I like to eat at Chick-Fil-A restaurants. While living in the suburbs of Atlanta, Georgia, this is easy to do since Chick-Fil-A is based in Atlanta and they have numerous restaurants clustered around their headquarters.
I live in Virginia now and while there are fewer Chick-Fil-A restaurants here, thankfully, there is one about a mile from my house. I eat at this location weekly, usually for lunch on Saturday, as a treat and because I like the food and it reminds me of Georgia.
My new CFA restaurant is always busy and crowded when I visit, often annoyingly so. This location is not the best-managed location I’ve visited. There is always a line of people waiting for their food and it is often difficult to find a seat. The ambience is, more often than not, carnival like: noisy, crowded, and disorganized. I find this environment unpleasant and most visits I am tempted to not return. But this is not Atlanta and there are few other choices for CFA restaurants so each week I join the circus to enjoy a taste of home.
On about every third or fourth visit I find, printed on my sales receipt, an offer from CFA to take a short survey about my recent dining experience. In exchange for my feedback CFA offers me a free sandwich on a future visit. My recent successes with my well-received feedback to Delta Airlines has emboldened me. Delta listened and is now “experimenting” with a new boarding process, the very process I recommended to them.

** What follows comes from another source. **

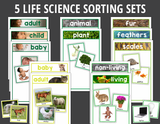 Life Science Sorting Activities for Preschool & PreK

One of my repeated criticisms of this CFA restaurant is the lousy placement of the condiment station which creates a mosh pit environment. The condiment station is located in what should be a key thoroughfare between the counter where you place your order and the dining area. This placement is ideally suited to creating an annoying, uncomfortable, chaotic mob. I don’t like crowds and I like mobs even less. This element of the dining experience almost makes me quit this restaurant location for good. But, as I mentioned, this is the only convenient CFA for me. I’ve accepted CFA’s offer to provide feedback on every occasion always noting the illogical placement of the condiment station and the resulting mosh pit.
Last Saturday I visited this CFA restaurant as part of my ritual. What I experienced was an unwitting participation in the celebration of this restaurant’s 2nd anniversary. The store was more crowded than usual, there were two large cow mascots outside greeting would-be diners, and balloons everywhere. The place was humming with excitement and energy which occasionally revealed itself in an unsavory carnival atmosphere - Step right up young man and I will guess your weight!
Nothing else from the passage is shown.